Data for this exercise:
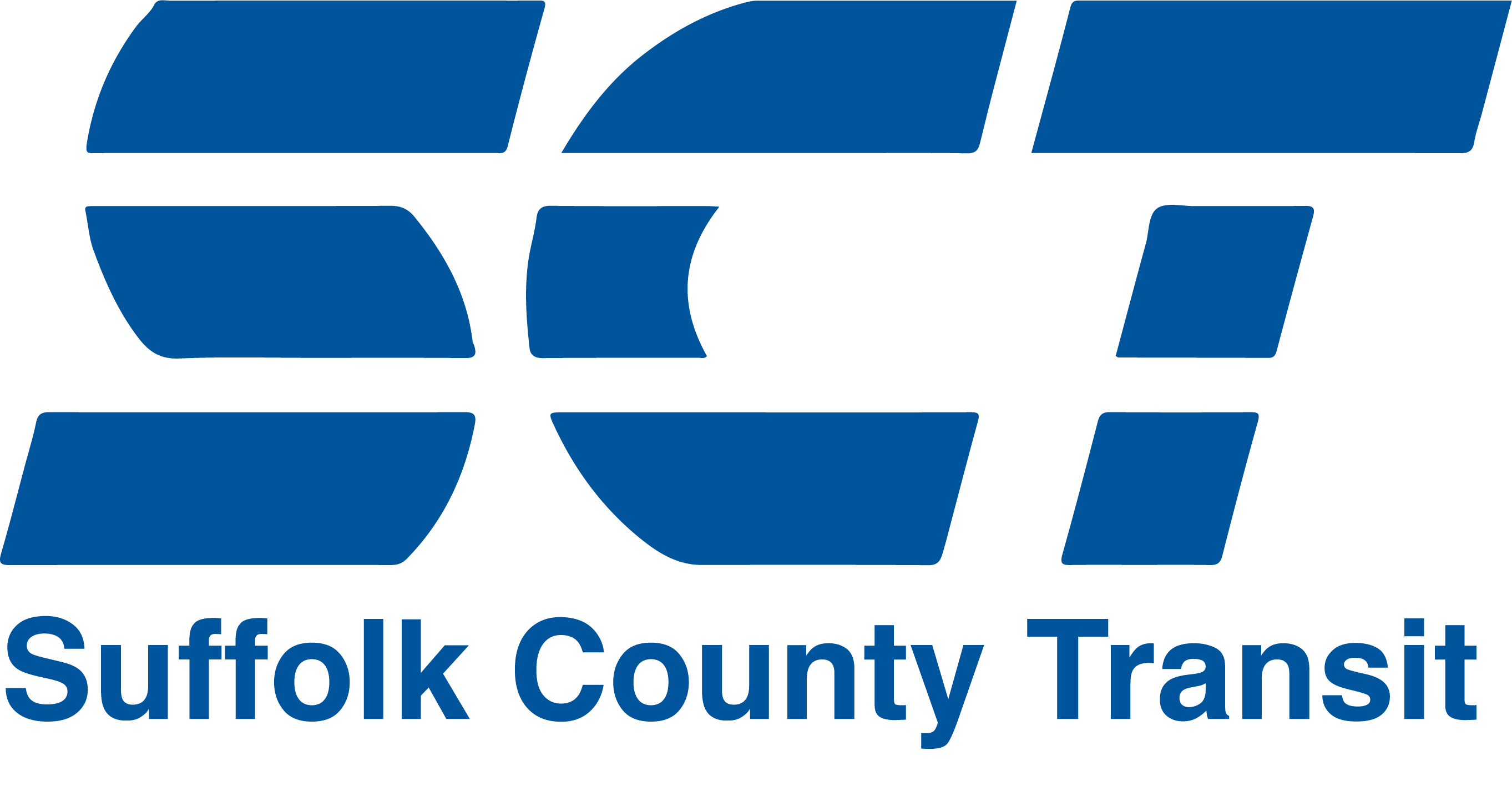 Explore the New SCT Network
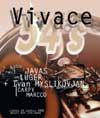 54's Vivace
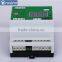 High quality Water sensing cable controller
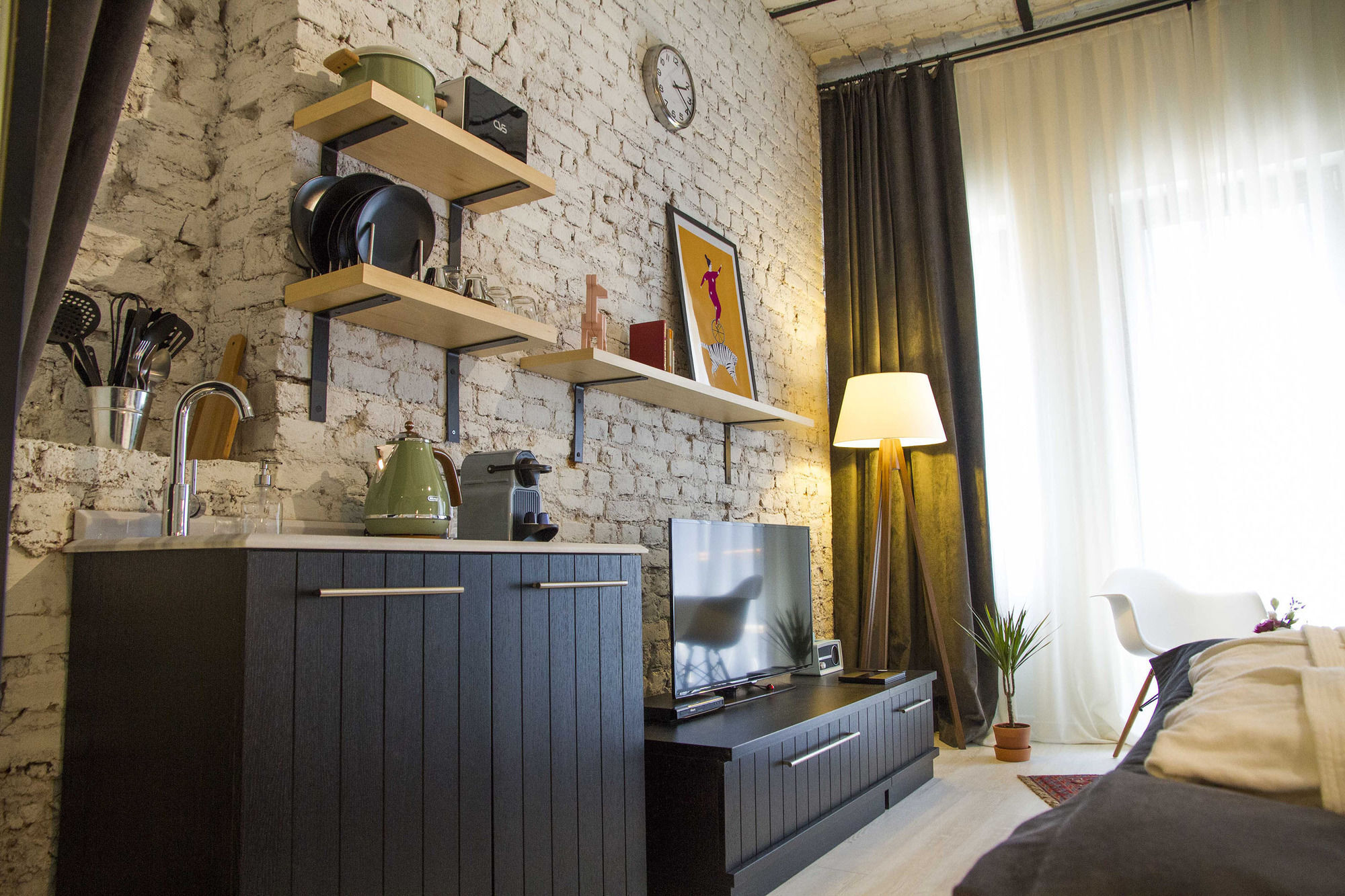 Hotel Magnova Istanbul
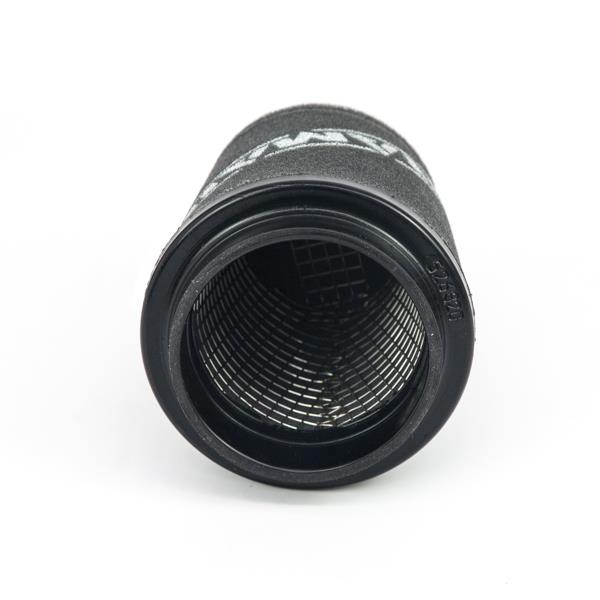 Cone Air Filter 90 mm Neck, Universal – Ramair CC-106 – image 2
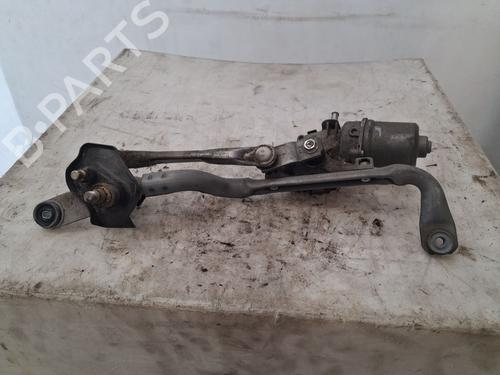 Used Front wipers mechanism Front wipers mechanism 37478852 37478852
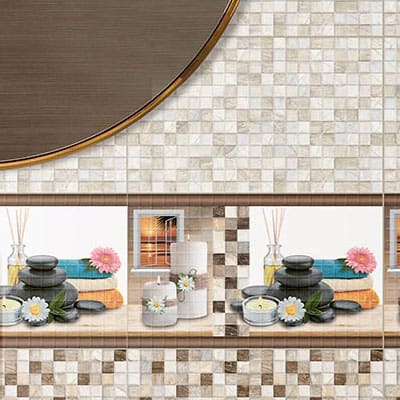 CASTELL MARFIL 27X452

Assigned task: Without any pictures, restate word for word only the lines from the one with "54's Vivace" through the end of the listing.

Expected answer:
 54's Vivace
 High quality Water sensing cable controller
 Hotel Magnova Istanbul
 Cone Air Filter 90 mm Neck, Universal – Ramair CC-106 – image 2
 Used Front wipers mechanism Front wipers mechanism 37478852 37478852
 CASTELL MARFIL 27X452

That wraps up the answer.